The paper presents the semantic model of logical content processing in the environment of tabooed sentences. Such sentences occur both in academic and colloquial discourses. They can be interpreted as infected formulas with the value of an insult. The proposed model assumes that the inferential mechanism of argumentative activities realised in discourses in the environment of such formulas is based on Bochvar's logical matrices and Kripke’s possible worlds semantic structures. This mechanism is determined by semantic consequence operators of three types. The presented theory can be viewed as a formal tool for reconstructing the logical mental mechanism which stops deductive actions aiming at the development of narrative worlds in discourse practices during epistemic wars. It postulates that these practices, which occur in processes of developing science, are governed by special logical mechanisms of inference.

Disclosure statement

No potential conflict of interest was reported by the author(s).

Notes

1 The author of this article was accused in academic disciplinary proceedings for publicly presenting arguments during logic classes in favour of the conclusion that female breasts are functionally used for sex rather than for feeding infants.
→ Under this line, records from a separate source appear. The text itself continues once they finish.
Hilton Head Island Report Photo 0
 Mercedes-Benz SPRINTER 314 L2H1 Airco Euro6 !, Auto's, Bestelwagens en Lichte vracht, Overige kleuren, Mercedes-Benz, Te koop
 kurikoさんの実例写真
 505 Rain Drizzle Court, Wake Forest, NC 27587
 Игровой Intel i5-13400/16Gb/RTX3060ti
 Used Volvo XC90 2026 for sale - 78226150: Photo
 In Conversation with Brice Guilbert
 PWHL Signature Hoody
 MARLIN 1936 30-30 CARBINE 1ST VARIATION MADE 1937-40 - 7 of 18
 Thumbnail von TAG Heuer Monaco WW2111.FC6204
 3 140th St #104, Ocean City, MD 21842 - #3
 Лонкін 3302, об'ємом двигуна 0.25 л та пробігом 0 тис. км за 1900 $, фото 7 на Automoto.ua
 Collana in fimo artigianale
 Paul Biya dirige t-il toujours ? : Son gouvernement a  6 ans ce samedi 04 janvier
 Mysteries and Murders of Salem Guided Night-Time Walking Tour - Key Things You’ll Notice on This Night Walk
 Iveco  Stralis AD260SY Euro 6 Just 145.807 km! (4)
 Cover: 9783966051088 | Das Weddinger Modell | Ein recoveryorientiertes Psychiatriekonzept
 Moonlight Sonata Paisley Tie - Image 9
The author referred to the facts that in his country, on average, a woman gives birth to 1.5 children, which determines the lactation period of about 2 years. This number clearly contrasts with the average length of women's sexual activity. A disciplinary case against the author was initiated at the request of a left-wing member of the Polish parliament. One can imagine a situation that in the future, publishing this type of logically correct argumentation on the Internet will be algorithmically banned by AI systems due to violating certain taboos. Ideological guards will then not have to take actions on the discourse aimed at punishing participants who violate the taboo. Artificial intelligence systems will be able to do this for them. They will be able to play the role of ideological guards, consisting in controlling the political correctness of produced discourses. Therefore, the aim of this text is to initiate a discussion among logicians on the risk of implementing taboo logical mechanisms into AI systems.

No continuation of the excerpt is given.